▶
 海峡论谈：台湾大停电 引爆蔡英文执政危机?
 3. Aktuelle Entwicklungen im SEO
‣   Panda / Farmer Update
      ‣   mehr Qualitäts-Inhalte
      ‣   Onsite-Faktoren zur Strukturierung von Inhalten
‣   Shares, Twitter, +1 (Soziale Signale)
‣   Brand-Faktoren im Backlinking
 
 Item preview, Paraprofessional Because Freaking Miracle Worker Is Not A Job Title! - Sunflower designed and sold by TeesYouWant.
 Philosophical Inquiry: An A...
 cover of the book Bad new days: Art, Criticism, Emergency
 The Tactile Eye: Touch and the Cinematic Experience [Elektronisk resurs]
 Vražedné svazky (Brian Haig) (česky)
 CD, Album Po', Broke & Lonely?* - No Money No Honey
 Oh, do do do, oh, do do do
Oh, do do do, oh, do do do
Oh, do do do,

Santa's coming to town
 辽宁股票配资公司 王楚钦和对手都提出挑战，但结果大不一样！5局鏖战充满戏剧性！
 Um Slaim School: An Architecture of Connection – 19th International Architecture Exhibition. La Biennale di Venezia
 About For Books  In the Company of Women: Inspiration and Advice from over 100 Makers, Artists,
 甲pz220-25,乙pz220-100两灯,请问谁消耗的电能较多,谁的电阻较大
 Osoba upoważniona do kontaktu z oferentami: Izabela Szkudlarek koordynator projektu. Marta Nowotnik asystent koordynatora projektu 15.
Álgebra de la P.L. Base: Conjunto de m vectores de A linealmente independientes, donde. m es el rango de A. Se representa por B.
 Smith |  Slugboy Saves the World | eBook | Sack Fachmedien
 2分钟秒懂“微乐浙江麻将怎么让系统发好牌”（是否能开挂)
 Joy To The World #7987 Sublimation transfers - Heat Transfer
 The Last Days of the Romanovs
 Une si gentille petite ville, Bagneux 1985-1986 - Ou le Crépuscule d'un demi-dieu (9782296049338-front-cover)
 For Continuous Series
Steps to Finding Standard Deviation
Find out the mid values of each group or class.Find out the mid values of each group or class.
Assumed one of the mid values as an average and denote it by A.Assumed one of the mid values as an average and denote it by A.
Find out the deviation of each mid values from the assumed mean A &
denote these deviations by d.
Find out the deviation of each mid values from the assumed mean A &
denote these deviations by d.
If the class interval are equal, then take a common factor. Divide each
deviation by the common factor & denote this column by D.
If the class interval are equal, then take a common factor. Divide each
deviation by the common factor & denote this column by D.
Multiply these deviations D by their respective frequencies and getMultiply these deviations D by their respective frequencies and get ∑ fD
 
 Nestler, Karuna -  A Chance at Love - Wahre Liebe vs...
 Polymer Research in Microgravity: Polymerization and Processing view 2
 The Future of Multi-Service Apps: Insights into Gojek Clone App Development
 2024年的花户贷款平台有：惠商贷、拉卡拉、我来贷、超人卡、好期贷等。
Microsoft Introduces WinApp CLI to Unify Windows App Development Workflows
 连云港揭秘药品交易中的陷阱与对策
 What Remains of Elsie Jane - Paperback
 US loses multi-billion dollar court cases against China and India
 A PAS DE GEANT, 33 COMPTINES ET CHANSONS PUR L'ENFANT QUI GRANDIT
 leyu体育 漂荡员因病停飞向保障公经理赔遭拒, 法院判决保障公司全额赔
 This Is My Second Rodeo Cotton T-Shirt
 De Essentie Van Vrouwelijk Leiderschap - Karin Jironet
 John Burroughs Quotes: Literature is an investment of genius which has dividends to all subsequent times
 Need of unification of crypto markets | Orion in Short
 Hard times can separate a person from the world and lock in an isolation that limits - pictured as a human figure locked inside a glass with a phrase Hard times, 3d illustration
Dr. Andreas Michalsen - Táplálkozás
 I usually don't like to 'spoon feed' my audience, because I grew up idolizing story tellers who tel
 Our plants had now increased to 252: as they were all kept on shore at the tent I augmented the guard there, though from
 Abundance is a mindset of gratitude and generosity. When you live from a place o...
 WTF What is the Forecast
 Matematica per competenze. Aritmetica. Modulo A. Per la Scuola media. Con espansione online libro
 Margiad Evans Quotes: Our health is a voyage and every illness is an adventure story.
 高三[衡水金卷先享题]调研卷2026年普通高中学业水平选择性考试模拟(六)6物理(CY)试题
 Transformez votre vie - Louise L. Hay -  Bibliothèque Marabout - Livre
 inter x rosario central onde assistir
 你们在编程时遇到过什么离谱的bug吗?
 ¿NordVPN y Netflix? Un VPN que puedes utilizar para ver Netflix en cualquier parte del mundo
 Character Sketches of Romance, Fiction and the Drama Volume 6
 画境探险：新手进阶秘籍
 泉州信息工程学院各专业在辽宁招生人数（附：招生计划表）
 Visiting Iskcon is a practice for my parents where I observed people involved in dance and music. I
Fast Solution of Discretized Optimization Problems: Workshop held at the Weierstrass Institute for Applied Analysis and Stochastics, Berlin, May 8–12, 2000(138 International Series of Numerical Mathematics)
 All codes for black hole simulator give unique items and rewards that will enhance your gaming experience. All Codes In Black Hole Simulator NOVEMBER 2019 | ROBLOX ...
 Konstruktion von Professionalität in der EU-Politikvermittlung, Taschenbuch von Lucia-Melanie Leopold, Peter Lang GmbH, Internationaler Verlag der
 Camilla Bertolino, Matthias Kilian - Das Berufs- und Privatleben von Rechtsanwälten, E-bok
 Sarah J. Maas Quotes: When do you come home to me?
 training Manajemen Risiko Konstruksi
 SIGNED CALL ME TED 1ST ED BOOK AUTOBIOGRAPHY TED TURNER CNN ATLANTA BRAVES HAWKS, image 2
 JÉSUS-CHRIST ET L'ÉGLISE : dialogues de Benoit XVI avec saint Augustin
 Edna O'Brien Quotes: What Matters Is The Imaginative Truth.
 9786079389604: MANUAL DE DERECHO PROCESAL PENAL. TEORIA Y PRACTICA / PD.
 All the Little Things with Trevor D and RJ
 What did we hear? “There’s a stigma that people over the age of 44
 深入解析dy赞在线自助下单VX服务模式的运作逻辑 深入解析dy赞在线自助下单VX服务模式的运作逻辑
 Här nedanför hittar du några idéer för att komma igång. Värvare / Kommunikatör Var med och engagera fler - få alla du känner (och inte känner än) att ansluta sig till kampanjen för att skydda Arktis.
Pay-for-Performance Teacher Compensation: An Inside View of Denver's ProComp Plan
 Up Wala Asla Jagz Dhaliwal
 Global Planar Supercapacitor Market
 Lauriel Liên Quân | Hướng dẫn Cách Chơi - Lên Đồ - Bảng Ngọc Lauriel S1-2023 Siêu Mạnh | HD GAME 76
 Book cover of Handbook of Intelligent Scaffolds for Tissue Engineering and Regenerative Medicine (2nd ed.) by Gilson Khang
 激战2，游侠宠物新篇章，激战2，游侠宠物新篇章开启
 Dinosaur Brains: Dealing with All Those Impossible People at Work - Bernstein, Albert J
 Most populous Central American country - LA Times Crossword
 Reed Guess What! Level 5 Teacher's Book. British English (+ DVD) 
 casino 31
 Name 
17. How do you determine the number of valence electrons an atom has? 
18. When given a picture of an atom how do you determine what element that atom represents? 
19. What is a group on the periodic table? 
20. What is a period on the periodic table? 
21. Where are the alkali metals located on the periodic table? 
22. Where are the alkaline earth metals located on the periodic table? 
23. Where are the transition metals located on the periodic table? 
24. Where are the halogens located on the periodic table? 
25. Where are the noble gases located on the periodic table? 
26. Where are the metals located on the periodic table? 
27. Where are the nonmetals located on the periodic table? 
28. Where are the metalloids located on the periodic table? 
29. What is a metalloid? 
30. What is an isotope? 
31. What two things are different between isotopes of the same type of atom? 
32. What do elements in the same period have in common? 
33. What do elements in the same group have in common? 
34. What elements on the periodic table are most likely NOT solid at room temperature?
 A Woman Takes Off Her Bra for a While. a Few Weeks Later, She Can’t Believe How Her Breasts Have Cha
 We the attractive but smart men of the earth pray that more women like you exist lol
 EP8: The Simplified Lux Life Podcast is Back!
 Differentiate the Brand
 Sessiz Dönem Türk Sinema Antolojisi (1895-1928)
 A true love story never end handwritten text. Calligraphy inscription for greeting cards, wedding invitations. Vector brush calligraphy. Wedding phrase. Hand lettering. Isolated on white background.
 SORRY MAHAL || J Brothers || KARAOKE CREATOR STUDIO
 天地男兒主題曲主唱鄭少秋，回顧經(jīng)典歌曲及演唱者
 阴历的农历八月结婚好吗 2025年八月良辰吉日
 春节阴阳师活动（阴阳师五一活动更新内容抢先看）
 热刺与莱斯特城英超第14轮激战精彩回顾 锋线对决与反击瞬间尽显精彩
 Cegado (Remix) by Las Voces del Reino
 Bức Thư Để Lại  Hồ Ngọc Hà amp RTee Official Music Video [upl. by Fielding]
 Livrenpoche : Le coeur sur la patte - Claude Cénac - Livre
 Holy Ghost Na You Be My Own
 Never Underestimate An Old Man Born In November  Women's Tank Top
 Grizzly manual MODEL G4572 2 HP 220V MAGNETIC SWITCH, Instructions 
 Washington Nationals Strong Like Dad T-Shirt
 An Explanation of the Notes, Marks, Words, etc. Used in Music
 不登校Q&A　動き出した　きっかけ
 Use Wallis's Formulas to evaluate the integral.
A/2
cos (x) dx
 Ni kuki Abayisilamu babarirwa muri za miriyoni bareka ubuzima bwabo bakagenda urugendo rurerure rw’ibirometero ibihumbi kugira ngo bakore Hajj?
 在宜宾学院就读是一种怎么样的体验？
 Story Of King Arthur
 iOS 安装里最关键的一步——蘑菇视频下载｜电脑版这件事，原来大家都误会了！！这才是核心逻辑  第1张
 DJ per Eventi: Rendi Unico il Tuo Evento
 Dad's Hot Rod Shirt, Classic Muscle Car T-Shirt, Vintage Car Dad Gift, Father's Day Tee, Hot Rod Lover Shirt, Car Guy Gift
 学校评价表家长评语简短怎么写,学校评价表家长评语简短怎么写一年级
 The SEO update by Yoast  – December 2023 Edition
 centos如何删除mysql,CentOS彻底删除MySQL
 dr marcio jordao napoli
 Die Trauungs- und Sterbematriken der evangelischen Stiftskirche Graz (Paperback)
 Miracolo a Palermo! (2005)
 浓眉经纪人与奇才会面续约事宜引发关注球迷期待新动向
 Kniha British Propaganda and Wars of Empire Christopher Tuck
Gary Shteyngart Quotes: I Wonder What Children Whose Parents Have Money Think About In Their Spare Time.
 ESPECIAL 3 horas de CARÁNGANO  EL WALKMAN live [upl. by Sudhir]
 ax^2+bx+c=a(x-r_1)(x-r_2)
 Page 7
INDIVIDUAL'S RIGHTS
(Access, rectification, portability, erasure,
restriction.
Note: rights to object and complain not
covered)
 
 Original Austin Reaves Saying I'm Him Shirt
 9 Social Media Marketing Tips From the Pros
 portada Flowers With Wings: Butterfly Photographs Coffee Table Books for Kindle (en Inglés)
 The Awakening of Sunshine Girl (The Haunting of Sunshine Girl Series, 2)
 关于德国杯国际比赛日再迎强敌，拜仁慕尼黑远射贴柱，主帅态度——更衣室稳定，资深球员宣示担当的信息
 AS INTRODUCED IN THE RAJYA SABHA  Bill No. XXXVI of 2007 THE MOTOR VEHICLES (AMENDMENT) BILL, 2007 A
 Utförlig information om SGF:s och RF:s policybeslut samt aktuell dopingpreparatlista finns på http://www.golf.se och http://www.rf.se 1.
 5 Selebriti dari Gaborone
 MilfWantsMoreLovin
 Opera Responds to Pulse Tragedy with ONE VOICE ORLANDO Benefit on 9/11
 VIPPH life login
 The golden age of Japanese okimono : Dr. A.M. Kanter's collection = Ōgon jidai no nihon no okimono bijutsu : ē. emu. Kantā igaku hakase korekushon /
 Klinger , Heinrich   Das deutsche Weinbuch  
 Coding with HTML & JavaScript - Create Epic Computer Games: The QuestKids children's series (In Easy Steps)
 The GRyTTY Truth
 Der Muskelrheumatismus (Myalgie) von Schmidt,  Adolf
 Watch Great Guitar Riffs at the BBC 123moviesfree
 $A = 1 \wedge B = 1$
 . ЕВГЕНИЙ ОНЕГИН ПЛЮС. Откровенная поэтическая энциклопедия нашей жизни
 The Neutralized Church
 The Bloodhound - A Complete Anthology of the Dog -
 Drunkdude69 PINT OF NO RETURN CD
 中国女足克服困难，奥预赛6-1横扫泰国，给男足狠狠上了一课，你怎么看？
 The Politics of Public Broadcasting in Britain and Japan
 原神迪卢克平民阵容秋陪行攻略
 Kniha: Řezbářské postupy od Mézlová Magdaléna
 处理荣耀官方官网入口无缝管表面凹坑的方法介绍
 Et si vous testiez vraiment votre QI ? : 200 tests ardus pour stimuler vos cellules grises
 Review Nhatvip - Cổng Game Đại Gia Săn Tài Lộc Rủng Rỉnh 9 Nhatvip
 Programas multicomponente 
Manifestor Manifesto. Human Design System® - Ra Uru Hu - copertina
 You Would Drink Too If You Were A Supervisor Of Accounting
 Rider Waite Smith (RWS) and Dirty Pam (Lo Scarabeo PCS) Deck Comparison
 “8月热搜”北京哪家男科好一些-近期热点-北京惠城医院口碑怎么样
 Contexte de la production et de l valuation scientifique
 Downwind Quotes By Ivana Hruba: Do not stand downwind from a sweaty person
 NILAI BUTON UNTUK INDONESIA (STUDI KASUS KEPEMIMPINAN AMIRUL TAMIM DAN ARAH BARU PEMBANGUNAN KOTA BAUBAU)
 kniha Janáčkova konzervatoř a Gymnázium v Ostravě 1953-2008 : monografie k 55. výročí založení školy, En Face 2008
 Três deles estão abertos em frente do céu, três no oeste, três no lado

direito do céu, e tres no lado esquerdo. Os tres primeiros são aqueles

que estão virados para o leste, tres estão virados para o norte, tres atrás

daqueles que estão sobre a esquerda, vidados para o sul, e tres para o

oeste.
◀
> ACTIVITY
Each line from the start of the listing through the line with "Item preview, Paraprofessional" is to be restated verbatim, both ends included.

> SOLUTION FOR THIS EXERCISE
 海峡论谈：台湾大停电 引爆蔡英文执政危机?
 3. Aktuelle Entwicklungen im SEO
‣   Panda / Farmer Update
      ‣   mehr Qualitäts-Inhalte
      ‣   Onsite-Faktoren zur Strukturierung von Inhalten
‣   Shares, Twitter, +1 (Soziale Signale)
‣   Brand-Faktoren im Backlinking
 
 Item preview, Paraprofessional Because Freaking Miracle Worker Is Not A Job Title! - Sunflower designed and sold by TeesYouWant.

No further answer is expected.